Clearly, it's far from perfect and we are often considering changing it. Imagine if every company where you are applying would ask you to create an app from scratch with their SDK? We may lose some candidates, but at least we hire only people that fit the company's culture.

I have experienced "interviews" like this from the other end. I told YC funded founders I'm not interested in their job if this is how they interview. In my opinion, it shows inability to make a decision.

I am an excellent developer, with years of experience in the industry. I know lots of technologies, and already have a great job. There is no reason for me to spend personal time writing your projects, when I would be rewarded by spending personal time on my employer's projects.

"Interviews" like this will only grab candidates with nothing better to do than to fulltime interview with your company. In my opinion, the best people already have jobs, and you're excluding them from the process.

I forgot to precise that if the candidate has an (significant) open source project we use it instead of sending the assignment.

I hope no company will make their decision just because a candidate says that he is an excellent developer ;)

"I am an excellent developer, with years of experience", but seemingly unable or unwilling to complete a small practical test. Sounds to me like they are good at weeding out the wrong people.

Check my comment history. I work at Google. I stand on that.

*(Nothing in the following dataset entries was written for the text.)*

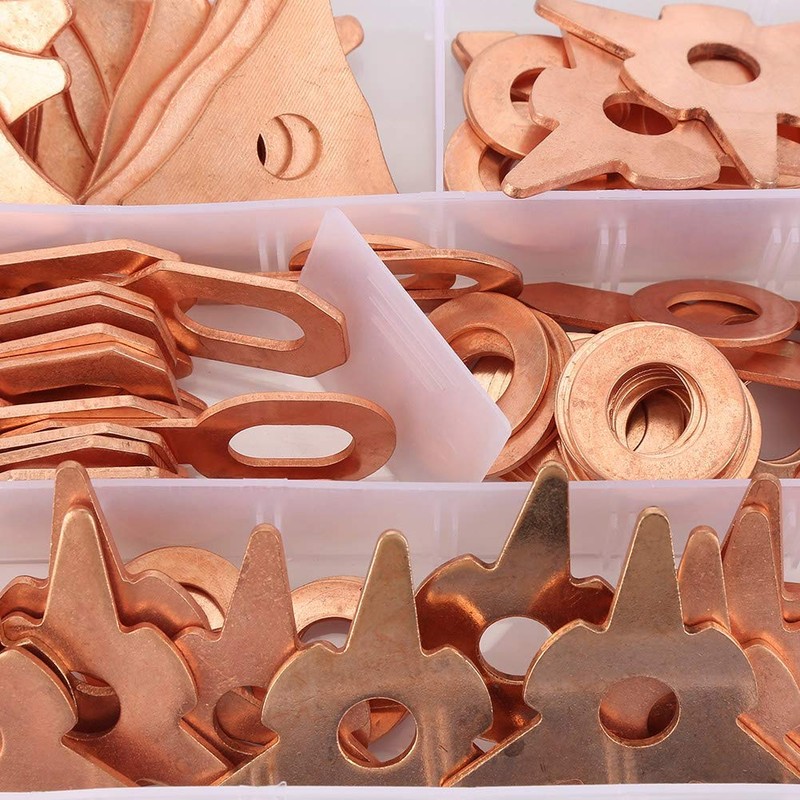 Triangle Dent Puller Ring, 110 Dent Puller Washers, Durable Copper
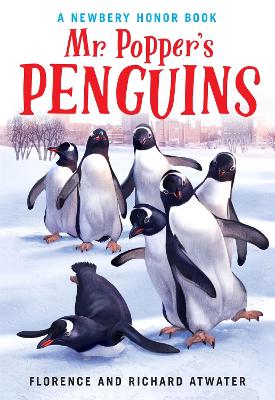 Book cover for Mr Popper's Penguins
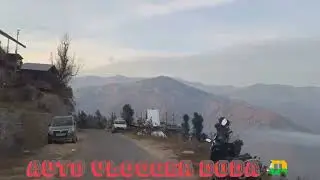 Dangerous Road of Bhella teh in Doda #dangrousroads #mountains #views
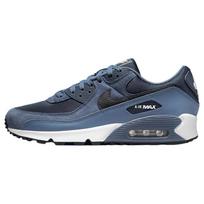 Nike Air Max 90 Diffused Blue Vyriški sportbačiai Balti Juodi Obsidianiniai FD0664-400 41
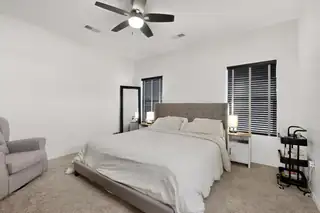 890 Fire Wheel Loop Bedroom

What makes you think "I work at Google" provides sufficient data to an interviewer such that they should exempt you from their interviewing process? The fact that you have a job somewhere else says very little.

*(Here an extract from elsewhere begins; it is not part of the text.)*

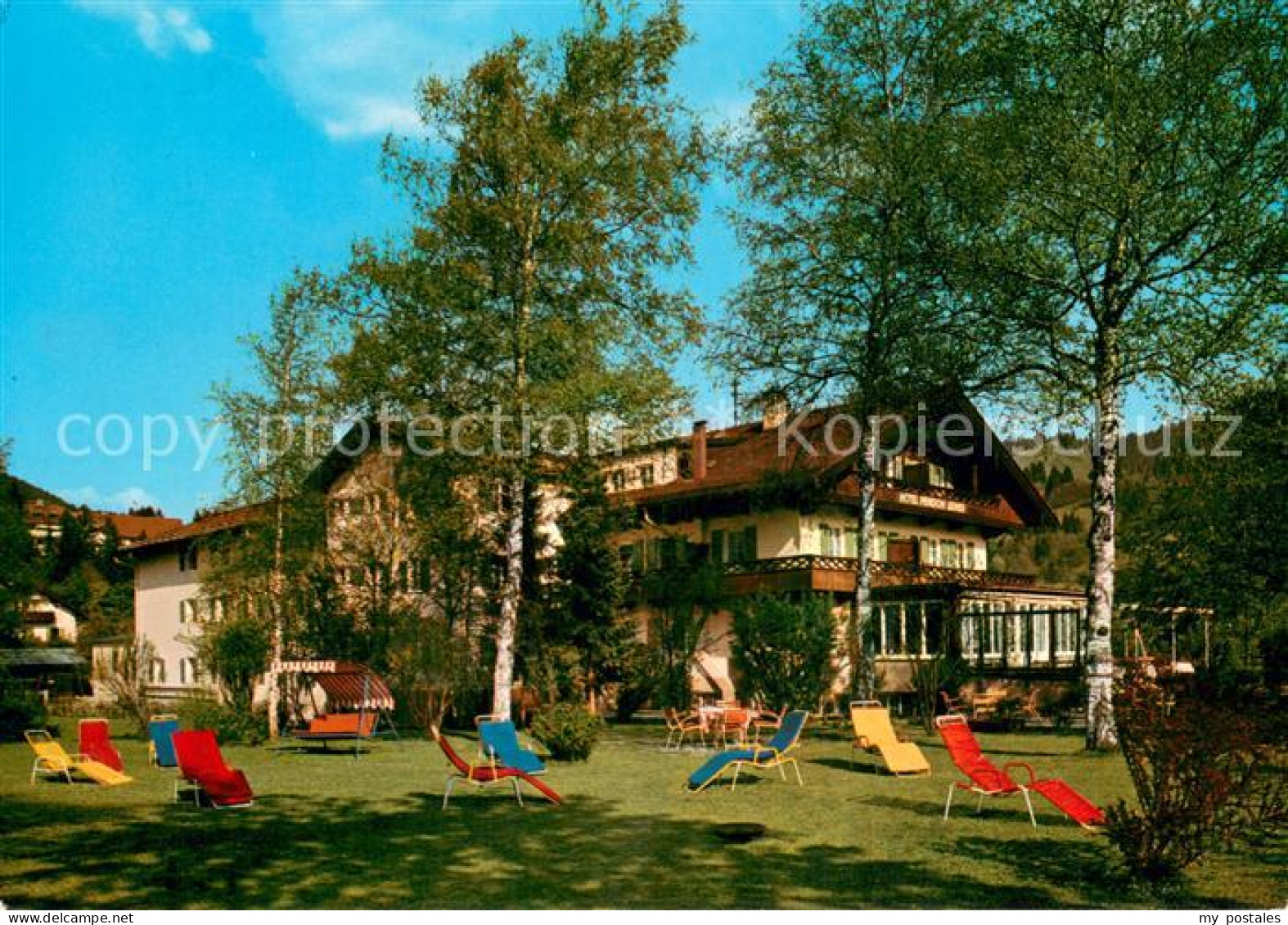 73724620 Garmisch-Partenkirchen Hotel Leiner Garten Liegewiese Garmisch-Partenki - Garmisch-Partenkirchen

I'm not saying I'm immune from interviews. I'm saying it's proof I have chops.

Technical interviewing in a broken process. I've given almost 200 technical interviews at Google, and I've seen all kinds of results. But, I believe Google's results. Having worked at Google longer than anywhere else I've ever worked, I can say that the people are incredible, and it's a direct result of the interviewing process. We interview someone for a set number of interviews (N≤8 nowadays) and we make a decision. I can count on one hand the number of people I think are deadwood.

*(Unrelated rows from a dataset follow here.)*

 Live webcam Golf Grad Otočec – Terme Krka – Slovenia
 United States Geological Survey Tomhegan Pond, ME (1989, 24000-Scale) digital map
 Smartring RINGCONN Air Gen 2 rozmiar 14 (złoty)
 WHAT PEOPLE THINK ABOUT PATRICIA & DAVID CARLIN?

All I'm saying is the "interview" process of having people do projects for you is broken. You will filter out a lot of people with jobs they are kicking butt at.

If you have a great job there is no reason for you to spend personal time participating in any kind of interviewing process.

Also, who says "I am an excellent developer"?

You should always be looking for jobs. I got my present job at Google even when I was quite happy with my previous work.

Also, please avoid ad hominem attacks.

The magic of open sores: what's your Github?